Il était assis à même la neige, petite tache noire dans la pureté cristalline et semblait extrêmement concentré sur un petit objet qu’il tenait de ses deux mains gelées et engourdies. Son petit nez, rouge sous l’effet du froid, était tout proche de son centre d’intérêt et il semblait ne rien vouloir lâcher.

Gelida, qui tentait vainement de s’attirer les regards des quelques jeunes personnes masculines, se rendit compte de cet affairement et, d’un froncement de sourcil, elle s’approcha de son frère. Elle se planta là, les mains sur les hanches, sourcils froncés et lui fit de l’ombre, ce qui ne manqua pas de lui faire relever la tête.

Silk : Bha quoi ?

Gelida : Encore avec ton…truc ? Tu es énervant tu sais ?

Il tendit la main en direction du visage de sa sœur et ouvrit la paume pour bien lui laisser voir l’objet en question.
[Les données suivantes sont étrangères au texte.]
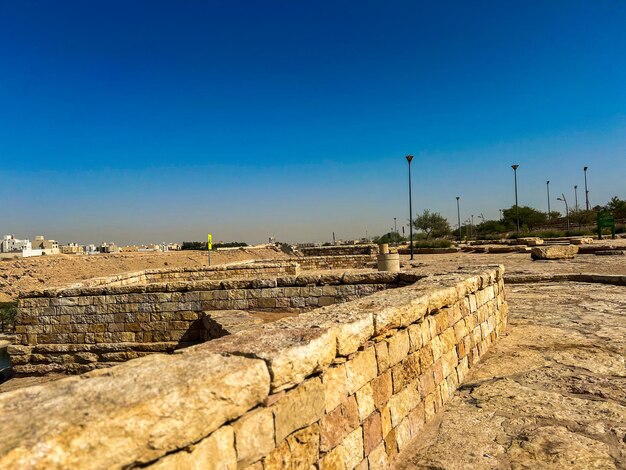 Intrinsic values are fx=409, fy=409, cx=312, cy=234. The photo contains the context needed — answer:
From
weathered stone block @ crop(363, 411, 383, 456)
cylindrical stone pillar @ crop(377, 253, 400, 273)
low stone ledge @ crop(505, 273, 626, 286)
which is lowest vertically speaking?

Il détacha chaque syllabe comme si elle eut été stupide.

Silk : Ca….de…nas.

Elle s’empourpra et prit les grands airs de ces jeunes dames qui, se considérant déjà comme des femmes, pouvaient bien se permettre quelques crises de nerfs passagères.

Gelida : Rhoooo ! Tu es impossible ! Oser se moquer ainsi de ta si gentille frangine ! Je mérite pas ça quand même !
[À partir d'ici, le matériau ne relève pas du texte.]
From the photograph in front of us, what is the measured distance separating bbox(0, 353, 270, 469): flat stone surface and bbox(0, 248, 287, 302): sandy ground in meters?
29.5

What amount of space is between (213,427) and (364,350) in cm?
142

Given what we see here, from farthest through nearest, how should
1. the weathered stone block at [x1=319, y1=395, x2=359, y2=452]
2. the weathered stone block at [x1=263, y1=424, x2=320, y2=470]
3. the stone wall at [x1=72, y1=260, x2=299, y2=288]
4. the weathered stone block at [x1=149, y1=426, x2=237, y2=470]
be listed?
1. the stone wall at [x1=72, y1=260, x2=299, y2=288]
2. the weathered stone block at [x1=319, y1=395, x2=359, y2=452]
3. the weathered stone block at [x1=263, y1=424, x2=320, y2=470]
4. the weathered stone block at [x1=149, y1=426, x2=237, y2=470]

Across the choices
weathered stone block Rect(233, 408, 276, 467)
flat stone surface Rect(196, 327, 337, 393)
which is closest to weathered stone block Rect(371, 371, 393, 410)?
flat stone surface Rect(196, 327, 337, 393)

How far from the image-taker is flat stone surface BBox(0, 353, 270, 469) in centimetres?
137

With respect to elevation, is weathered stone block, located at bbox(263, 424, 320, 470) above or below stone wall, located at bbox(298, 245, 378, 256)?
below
Silk : Ben…tu n’avais pas l’air de savoir ce que c’était…

Gelida : Mais si ! Bien sûr que oui ! Me prendrais-tu pour une sotte ?

Silk : C’est pas vraiment ça mais…

Gelida : Eh bien donc ! Pourquoi t’acharnes-tu à essayer d’ouvrir ton… « cadenas » avec cette fichu tige de métal ?

Un peu penaud, Silk ne sut que répondre. Il regarda la tige de fer toute tordue qu’il gardait effectivement toujours sur lui et plus particulièrement dans sa main, en ce moment précis.
Dans un élan d’intelligence, il sortit spontanément une réponse digne de figurer dans les annales.

Silk : J’sais pas.

Elle abandonna la partie, désespérée de voir son frère s’adonner à une pratique aussi peu pratique. Dire qu’il pourrait se pomponner, se faire beau, attirer les donzelles ! Halalala, quelle exaspération !
Baldo, toujours occupé à faire le singe sur les statues s’arrêta subitement. Dans un même mouvement, Silk et Gelida levèrent la tête vers celui-ci et puis échangèrent un regard.
Silk ne pu s’empêcher de poser la question à son frère.

Silk : Me dis pas que…

Baldo le regarda, l’air apeuré et un son étrange sorti de son estomac.

Baldo : Mon ventre gargouille…

Silk : Ca veut dire que…

Baldo : Il est midi et…

Gelida se tapa le front de la paume de la main, horrifiée.

Silk : On est en retard pour manger !

Dans une synchronisation parfaite, Silk se leva, Baldo sauta d’un bond des statues et Gelida rehaussa le haut de sa jupe afin de pouvoir, tout comme ses deux frères, se mettre à courir à toute vitesse en direction de la maison. Selnia n’aimait pas les retards et ils se firent copieusement gronder ce jour là.

Quelques semaines plus tard, une dispute éclata tout près de l’école de magie.
Un apprenti mage de l’école de magie des hauts quartiers de Trigorn avait en effet des vues sur Gelida et cela ne plaisait absolument pas à ses deux frères. C’est pourquoi, en cette fin d’après midi bruineuse et boueuse – signe que Lanjis écoulait ses derniers instants de vie pour une année- on retrouva une boule compacte autour de laquelle se trouvait une bonne dizaine d’enfants formant un cercle parfait autour de celle-ci. Ils hurlaient des invectives, des incitations à la bataille, à la guerre ! D’entre toutes les voix, une ressortait particulièrement : celle de Gelida. Elle leur criait de cesser immédiatement, de ne pas de battre pour elle – car, en effet, la boule compacte était en réalité un amoncellement de pieds, de troncs, de bras et de jambes formés par Silk, son frère et l’apprenti mage répondant au nom de Gugul. Cependant, au milieu des cris effarouchés de la demoiselle, il était clair et certains qu’elle éprouvait un plaisir immense à voir des hommes, des vrais, se battre pour elle. Elle vivait presque un conte de fée…

C’est un Gugul mortifié qui rentra chez lui ce soir là, à la surprise générale de toute sa famille qui s’empressa de lui jeter des sorts de soins à n’en plus finir. D’après les rumeurs, on pouvait encore entendre Baldo et Silk rire à en pleurer dans tout le quartier durant une bonne dizaine de jour à la moindre évocation de leur ami le mage. Silk eut à cet égard une phrase encore une fois mémorable.

Silk : Tous des lopettes ces mages.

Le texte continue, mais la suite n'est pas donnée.